The Sisters of Saint Francis have a remarkable treasure and piece of Milwaukee history in their Lake Drive convent. The Saint Francis Chapel, on the second floor of the convent, was built in 1894 (six years before my great-grandfather was born). Erhard Brielmaier, the same architect who designed Saint Josaphat Basilica, designed this gothic chapel. A while back, I took advantage of a rare opportunity to pay a visit. (Click on the images for a better view.)
The two richly-decorated relic cases on either side of the rear of the chapel enshrine the relics of some 200 Saints. The designs for these reliquaries were also provided by Architect Brielmaier. The meticulous gold filigree work, wrought into intricate patterns and mounted with rhinestones and other semiprecious stones on a plush background, was done by Sister Eva Eich and Sister Amata Thorn, who also placed the relics. … These reliquaries were acquired in 1934.
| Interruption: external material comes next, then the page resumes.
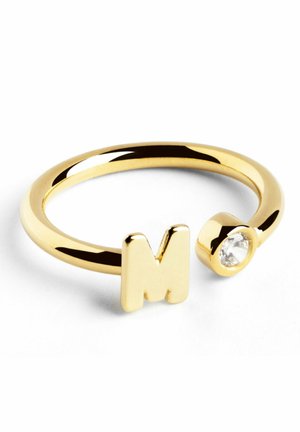 Anello in metallo dorato con lettera maiuscola "M" e un accento di cristallo trasparente. La fascia ha una texture liscia e lucida.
Completed in 1946, the Adoration Chapel, which adjoins the Saint Francis Chapel at the rear on the right, witnesses to the continuing prayer of the Sisters and Associates. The Blessed Sacrament is exposed here from 9:30 a.m. to 6:00 p.m. daily. … Originally, this space served as the residence for the Chaplain, and the balcony served as the shoe repair shop.
The stained glass windows were created by the Tyrolese Art Glass Company of Innsbruck, Austria and installed by its New York City branch in1898.
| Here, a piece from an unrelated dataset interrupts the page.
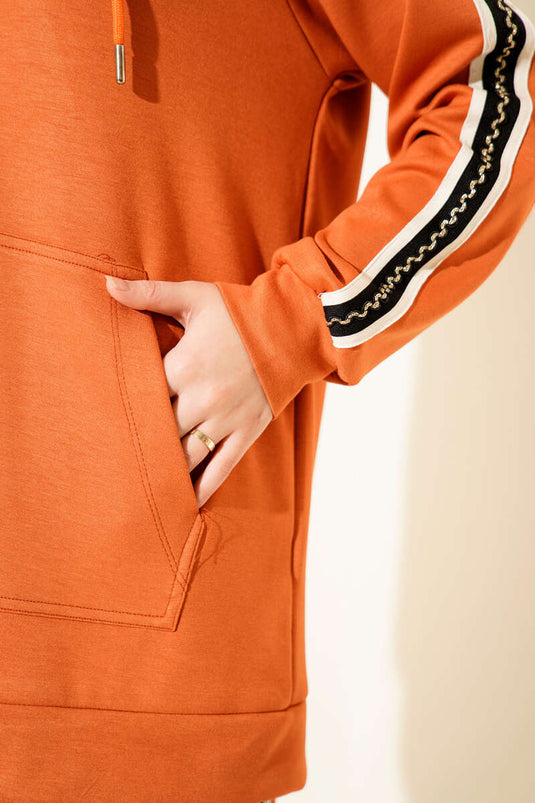 Ensemble deux pièces orange à capuche et rayures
Thoughts: Visiting the convent and chapel was a great experience. What a house of beauty! It was impressive to see all the work and craftsmanship that went into this remarkable building. It was easy to imagine lots of nuns in full habit bustling about in the hallways, or making their way to the chapel for Mass or vespers. I thought about the sublime sound of the sisters chanting the divine office, echoing within the chapel, traveling down the many corridors. I imagined them gathered together, sewing and embroidering beautiful vestments for Mass. One of the sisters told me that they used to have a sewing room where ornate vestments for liturgy were made in large quantities by the sisters. Apparently, it was quite an operation! It’s long gone now.
It was sad, truth be told, to see how things are at the convent now, as opposed to its golden age, when it was full of young sisters and life. I don’t think I saw a sister today younger than 75 or 80. What is going to happen to this place in twenty, or even ten years? In many respects, Saint Francis Chapel reminds me of Milwaukee’s Saint Joseph Chapel. Both are treasures and serve as beautiful reminders of our rich Catholic heritage in the city and house stunning old-world craftsmanship. But both are fading, with uncertain futures.
I’ve often wondered why places like Saint Joseph and Saint Francis chapels (and their convents) are not turned over to more traditional religious orders/societies that are vibrant and growing. What about the Oratorians of Saint Philip Neri? The Franciscan Friars of the Renewal? The Sisters of Life? The Priestly Fraternity of Saint Peter? The Canons Regular of Saint John Cantius? And many others. Are such plans in the works? Why not invite an order into the archdiocese and plan for a gradual turnover to ensure the survival of these beautiful buildings? Such a positive, visionary move would simultaneously infuse much-needed, authentic Catholic culture directly into this city and archdiocese.